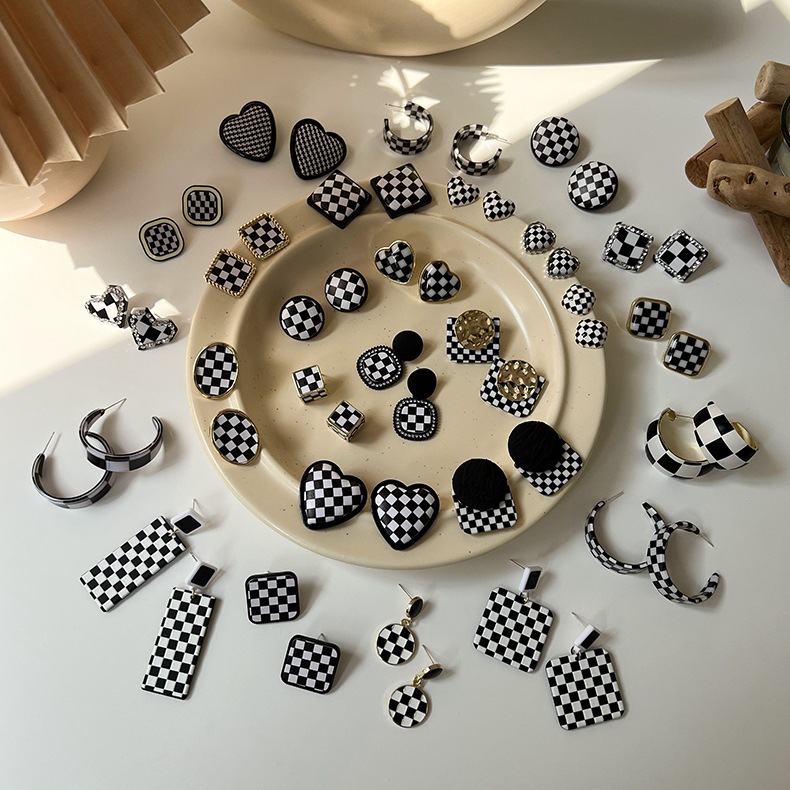 韓国大人気流行りピアスペアジュエル黒白チェック柄ピアス可愛いフープピアスレディースアクセサリー高級感 イヤリング 限定品 Www Quartzhotel Mx
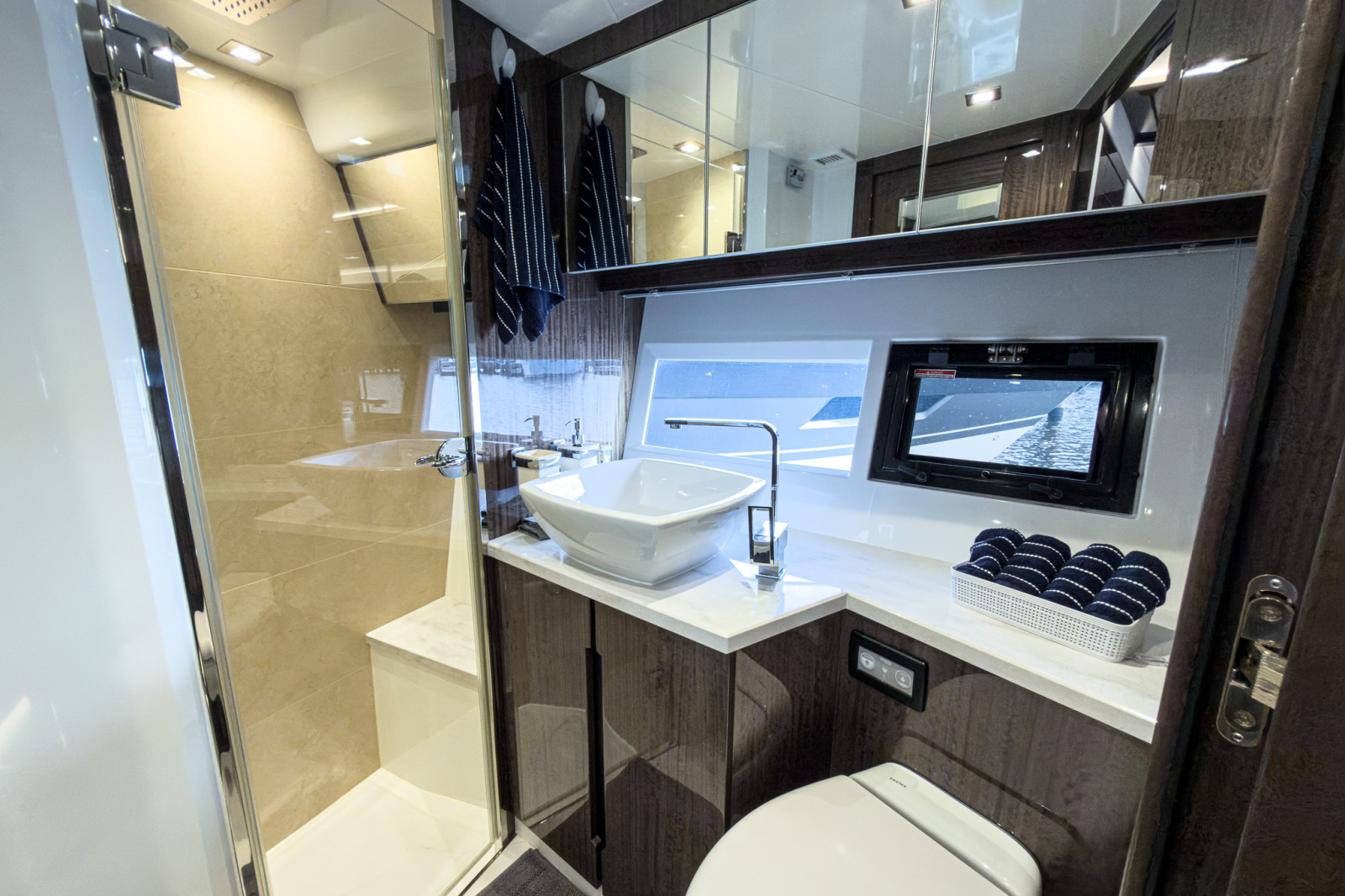 2022 Galeon 550 Fly
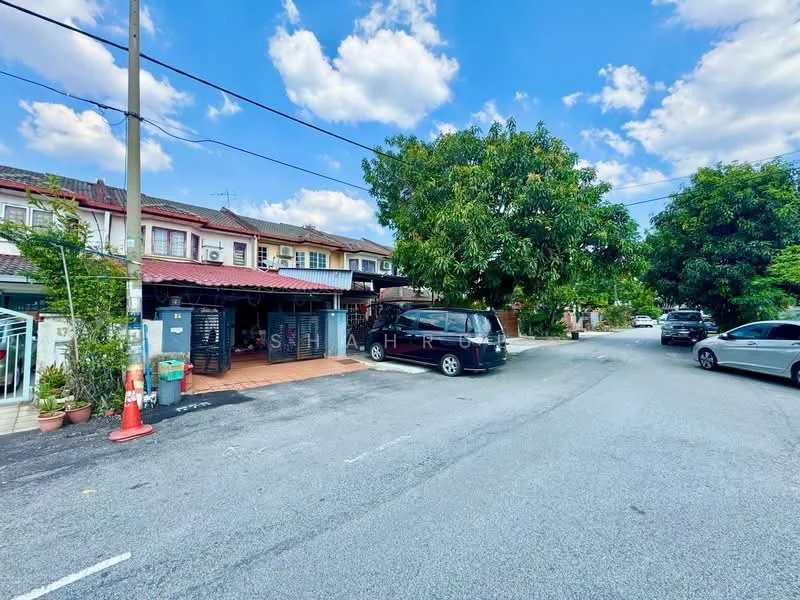Exterior type: linked terrace house; features: two-storey linked terrace houses, red tiled roof, white painted facade, front porch area, manicured lawn, mature trees, paved driveway, street view, surrounded by greenery; style: modern.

_DESCRIPTION OF THE TASK_. Minus its pictures, the full listing should be copied verbatim.

_WRITTEN RESPONSE_.
 韓国大人気流行りピアスペアジュエル黒白チェック柄ピアス可愛いフープピアスレディースアクセサリー高級感 イヤリング 限定品 Www Quartzhotel Mx
 2022 Galeon 550 Fly
Exterior type: linked terrace house; features: two-storey linked terrace houses, red tiled roof, white painted facade, front porch area, manicured lawn, mature trees, paved driveway, street view, surrounded by greenery; style: modern.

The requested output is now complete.